Dataset records
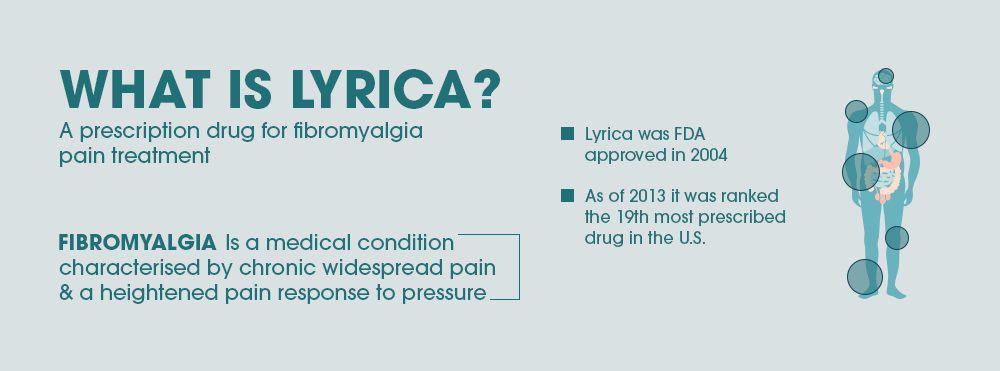 What is Lyrica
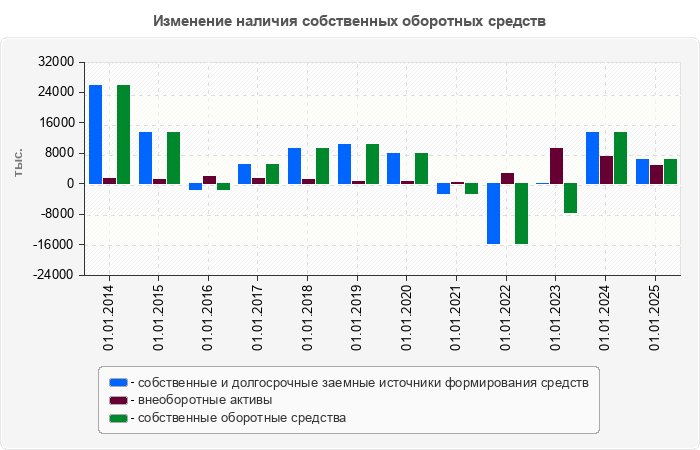 Изменение наличия собственных оборотных средств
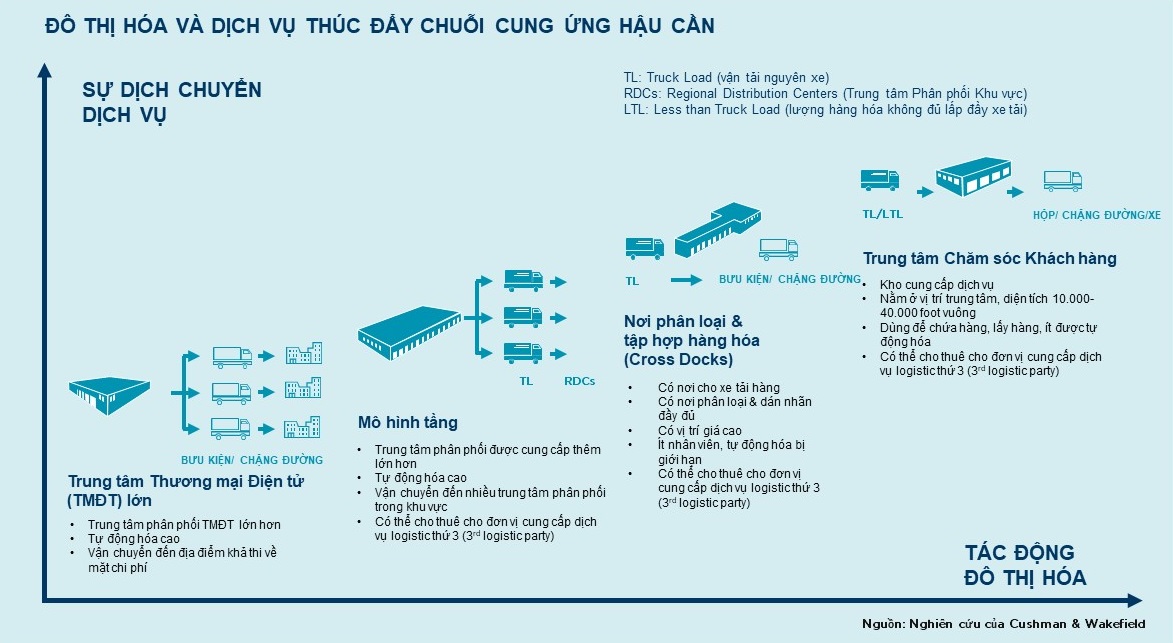 Vietnam Corporate Real Estate: Office portfolio strategies may shift to a hub-and-spoke model, but does that put logistics at risk?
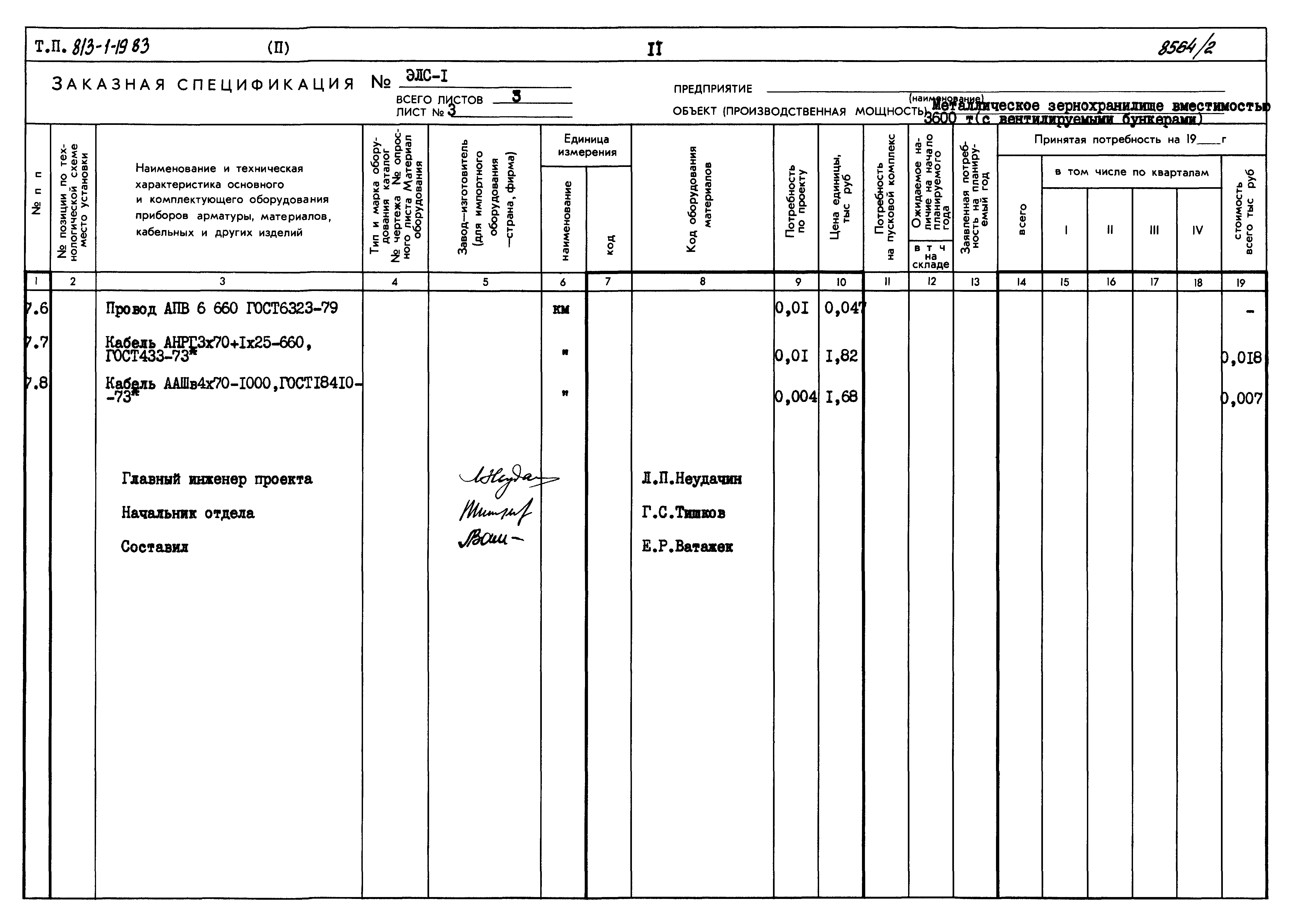 Типовой проект 813-1-19.83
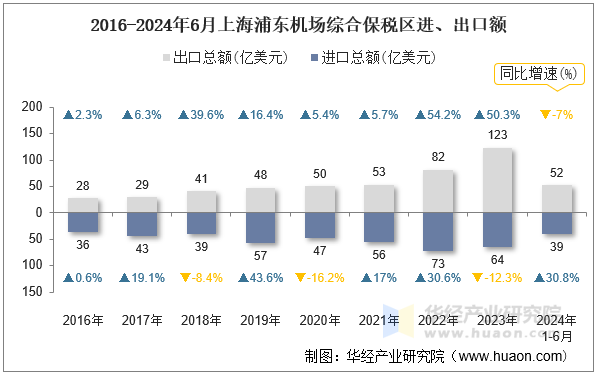 2016-2024年6月上海浦东机场综合保税区进、出口额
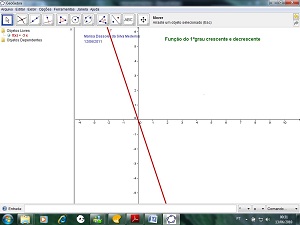 Imagem da tela do software GeoGebra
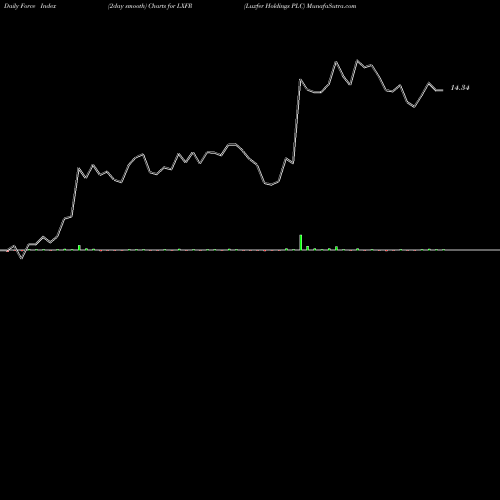 Force Index chart Luxfer Holdings PLC LXFR share USA Stock Exchange 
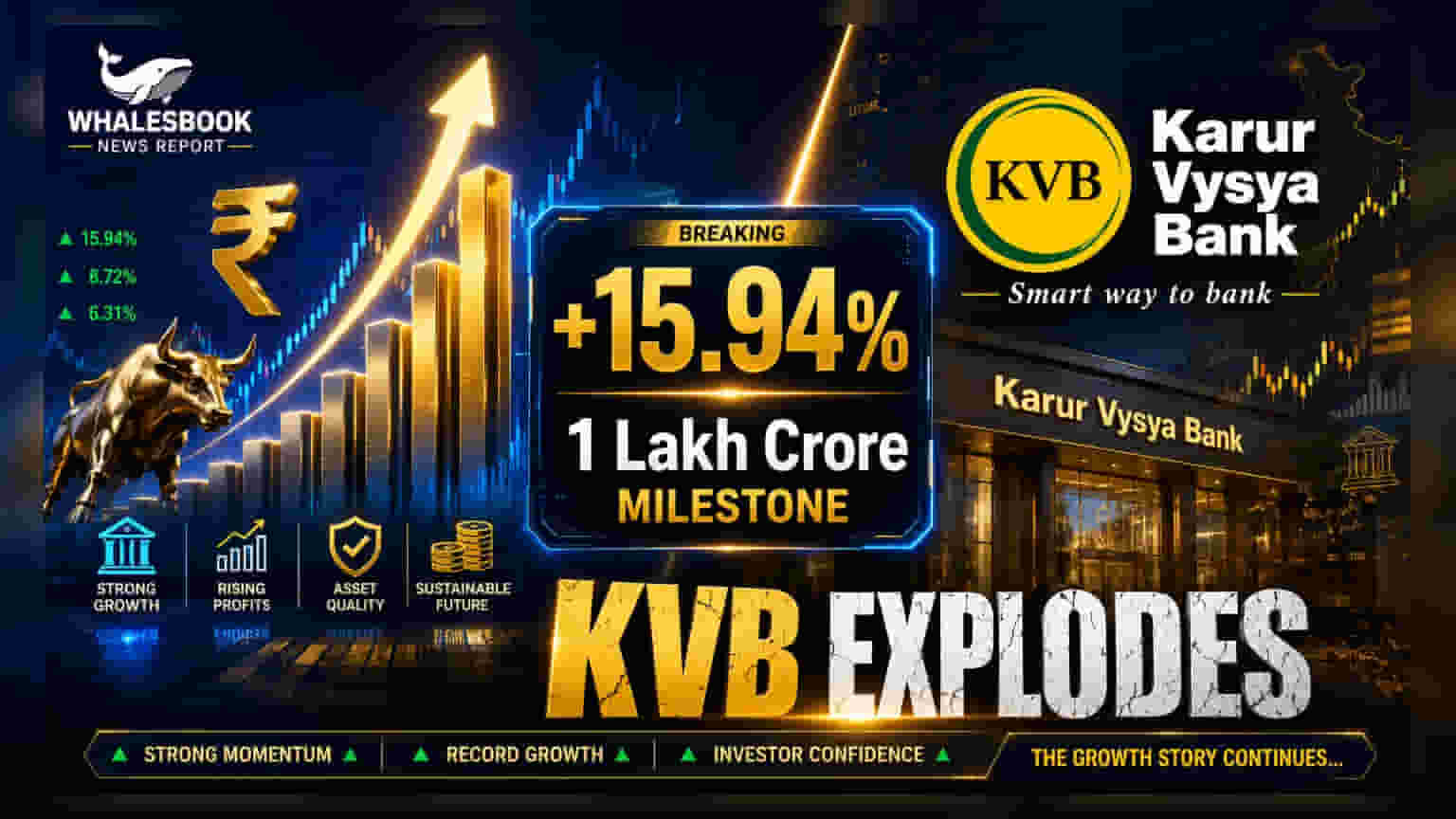 Karur Vysya Bank Share Price: मोठे यश! बँकेच्या कर्जात ₹1 लाखांचा टप्पा पार, ठेवीतही वाढ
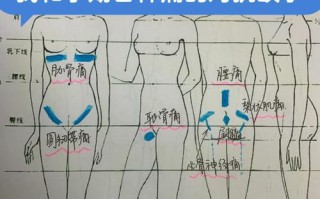 孕期骨盆痛是什么原因？孕期骨盆痛的原因有哪些？孕期骨盆痛的原因是什么？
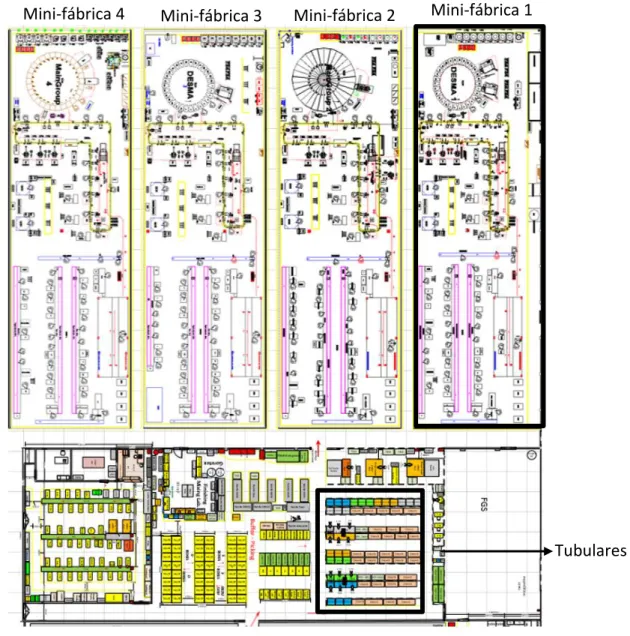 Figura 15 - Layout da zona produtiva 
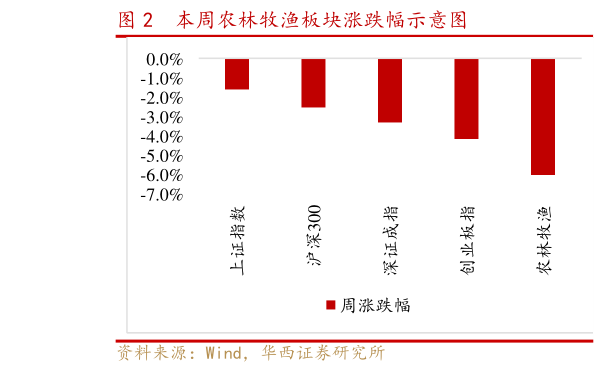 谁能回答本周农林牧渔板块涨跌幅示意图?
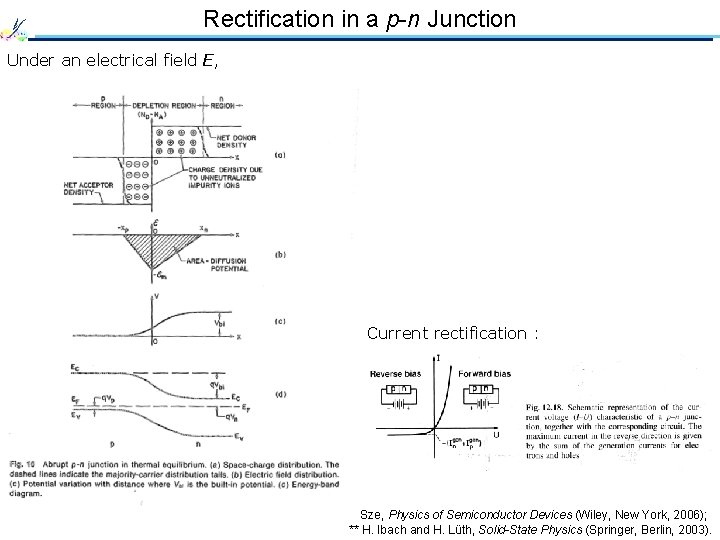 Rectification in a p-n Junction Under an electrical field E, Current rectification : *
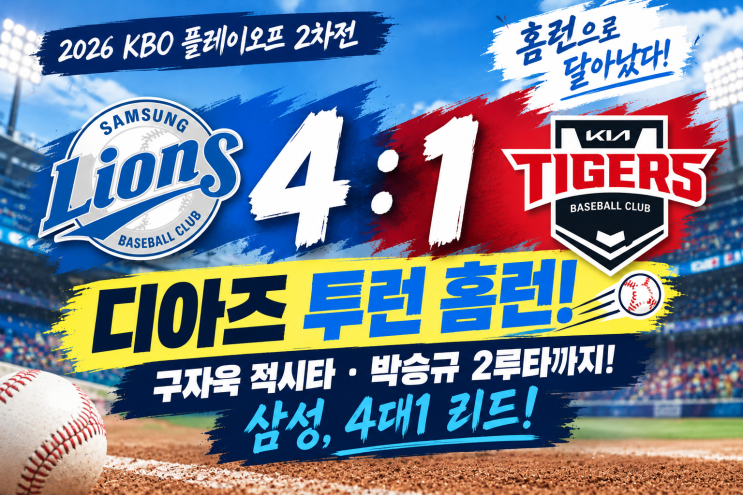 <b>삼성</b> 라이온즈 4대1 리드! <b>디아즈 투런</b> 홈런 폭발, KIA 상대로 달아났....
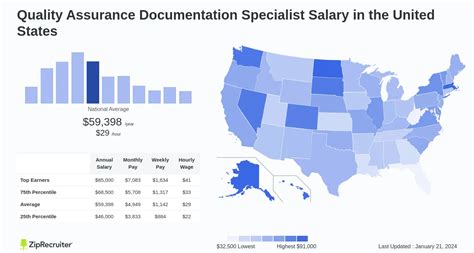 Average Quality Assurance Specialist I Salary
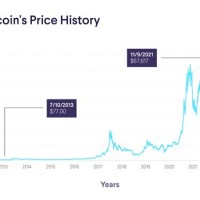 Bitcoin Chart All Time High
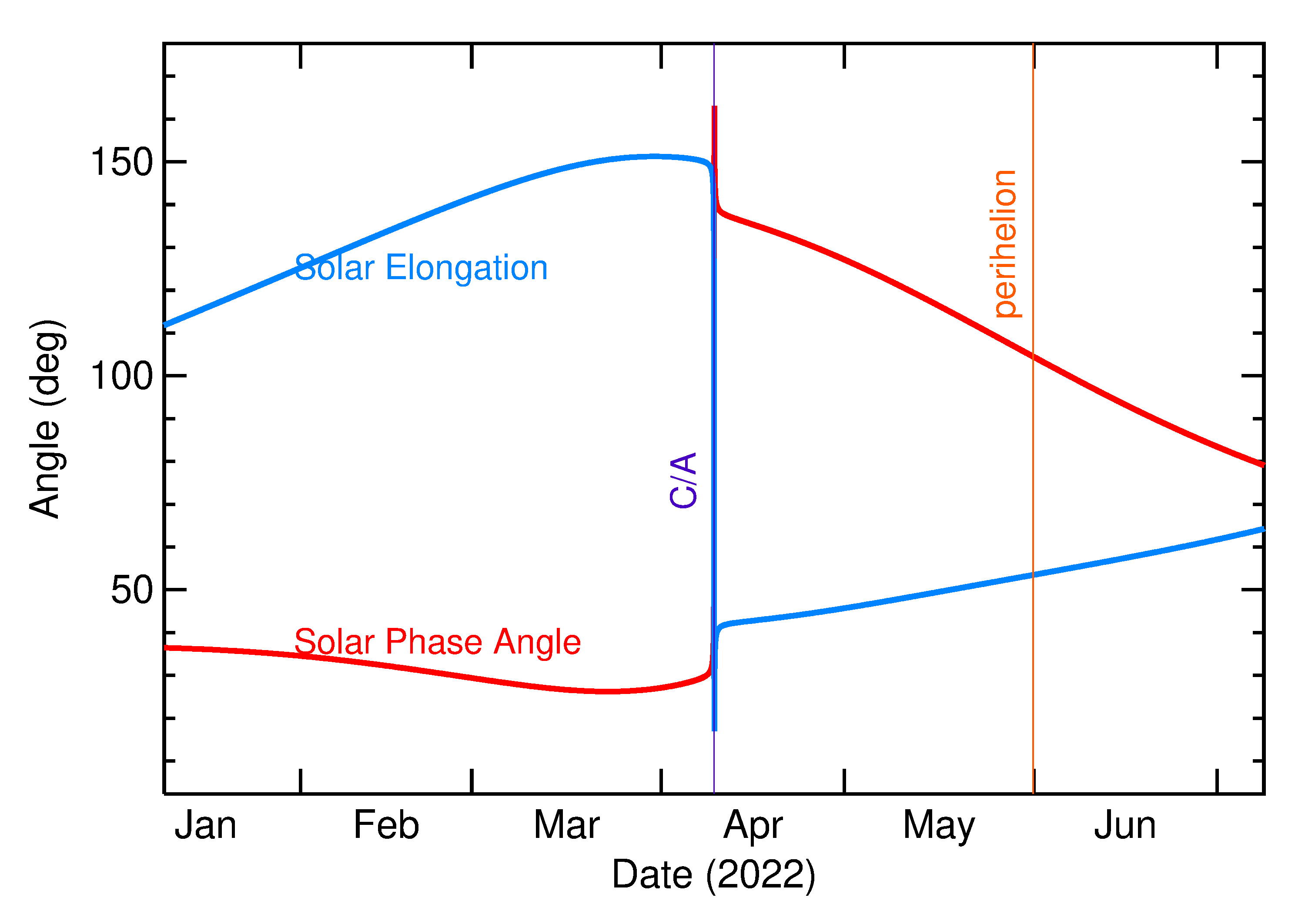 Solar Elongation and Solar Phase Angle of 2022 GQ5 in the months around closest approach
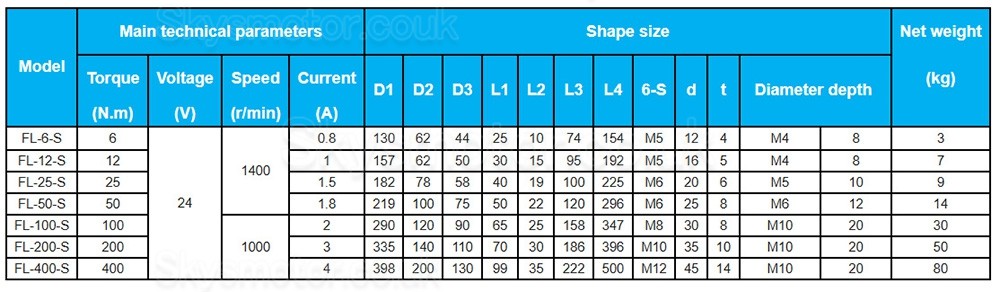 FL-S Series Dual-Shaft Magnetic Particle Clutch 6Nm-50Nm 24VDC Magnetic Powder Clutch FL-S Series Dual-Shaft Magnetic Particle Clutch 6Nm-50Nm 24VDC Magnetic Powder Clutch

Task details
Nothing in the entries above should change when they are printed again, except that the pictures are dropped.

Exercise result
 What is Lyrica
 Изменение наличия собственных оборотных средств
 Vietnam Corporate Real Estate: Office portfolio strategies may shift to a hub-and-spoke model, but does that put logistics at risk?
 Типовой проект 813-1-19.83
 2016-2024年6月上海浦东机场综合保税区进、出口额
 Imagem da tela do software GeoGebra
 Force Index chart Luxfer Holdings PLC LXFR share USA Stock Exchange 
 Karur Vysya Bank Share Price: मोठे यश! बँकेच्या कर्जात ₹1 लाखांचा टप्पा पार, ठेवीतही वाढ
 孕期骨盆痛是什么原因？孕期骨盆痛的原因有哪些？孕期骨盆痛的原因是什么？
 Figura 15 - Layout da zona produtiva 
 谁能回答本周农林牧渔板块涨跌幅示意图?
 Rectification in a p-n Junction Under an electrical field E, Current rectification : *
 <b>삼성</b> 라이온즈 4대1 리드! <b>디아즈 투런</b> 홈런 폭발, KIA 상대로 달아났....
 Average Quality Assurance Specialist I Salary
 Bitcoin Chart All Time High
 Solar Elongation and Solar Phase Angle of 2022 GQ5 in the months around closest approach
 FL-S Series Dual-Shaft Magnetic Particle Clutch 6Nm-50Nm 24VDC Magnetic Powder Clutch FL-S Series Dual-Shaft Magnetic Particle Clutch 6Nm-50Nm 24VDC Magnetic Powder Clutch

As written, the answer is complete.